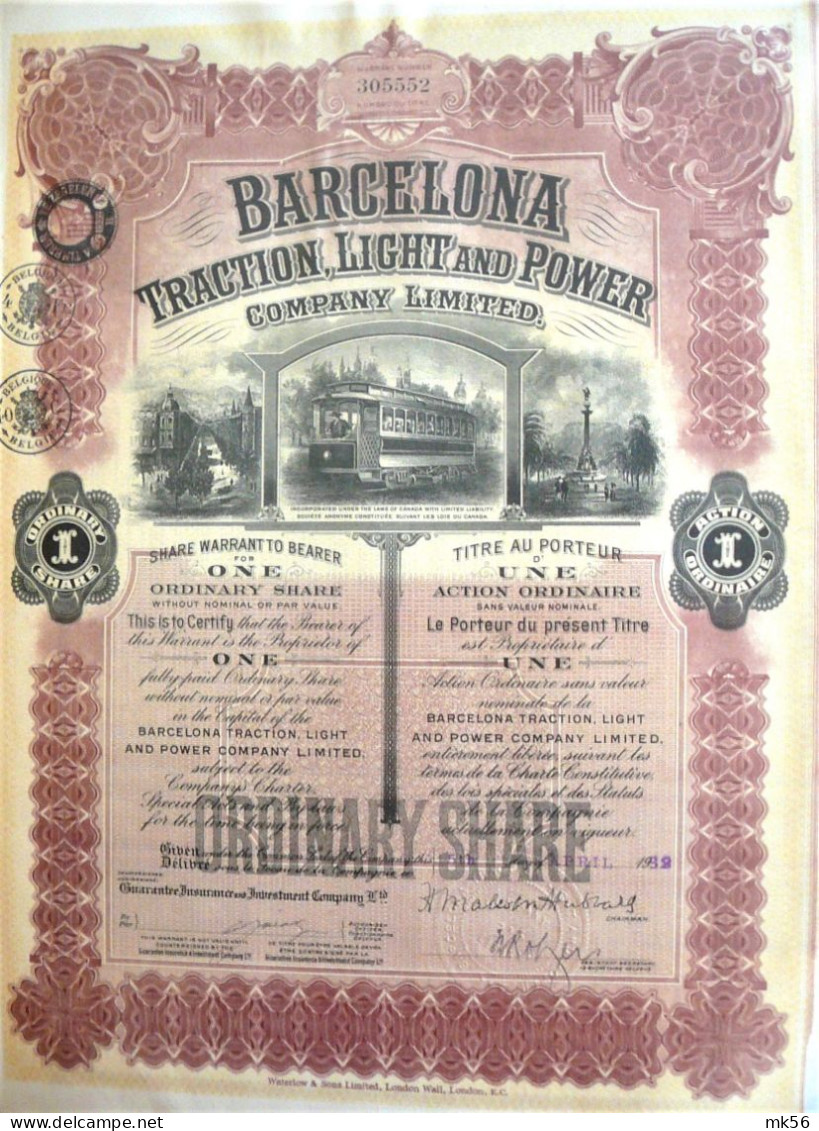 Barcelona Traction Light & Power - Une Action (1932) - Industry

☆ ☆ ☆ ☆

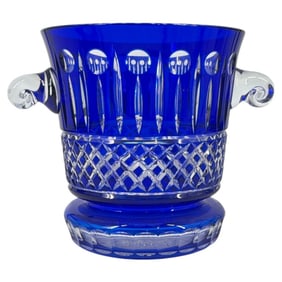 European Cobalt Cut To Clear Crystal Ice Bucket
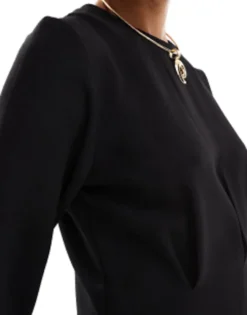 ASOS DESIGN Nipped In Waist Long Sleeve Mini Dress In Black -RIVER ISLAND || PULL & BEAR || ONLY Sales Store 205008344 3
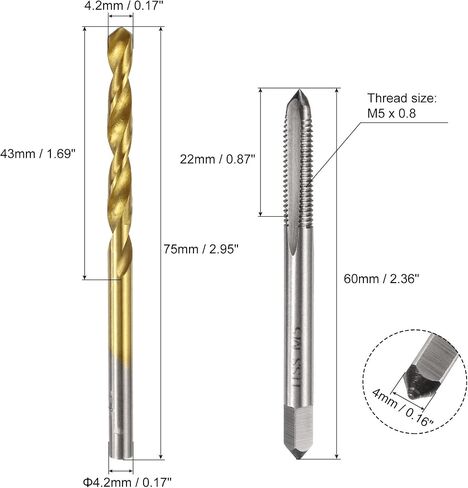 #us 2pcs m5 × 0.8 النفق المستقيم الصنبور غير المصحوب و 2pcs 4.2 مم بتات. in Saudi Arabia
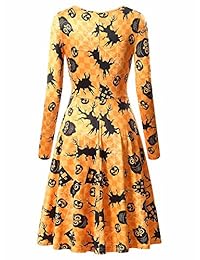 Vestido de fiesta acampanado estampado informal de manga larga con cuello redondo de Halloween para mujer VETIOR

☆ ☆ ☆ ☆

WORK ITEM: From the data above, return only the lines starting at the line that holds "European Cobalt Cut" and ending at the line that holds "Vestido de fiesta", word for word and without pictures.

YOUR RESPONSE:
 European Cobalt Cut To Clear Crystal Ice Bucket
 ASOS DESIGN Nipped In Waist Long Sleeve Mini Dress In Black -RIVER ISLAND || PULL & BEAR || ONLY Sales Store 205008344 3
 #us 2pcs m5 × 0.8 النفق المستقيم الصنبور غير المصحوب و 2pcs 4.2 مم بتات. in Saudi Arabia
 Vestido de fiesta acampanado estampado informal de manga larga con cuello redondo de Halloween para mujer VETIOR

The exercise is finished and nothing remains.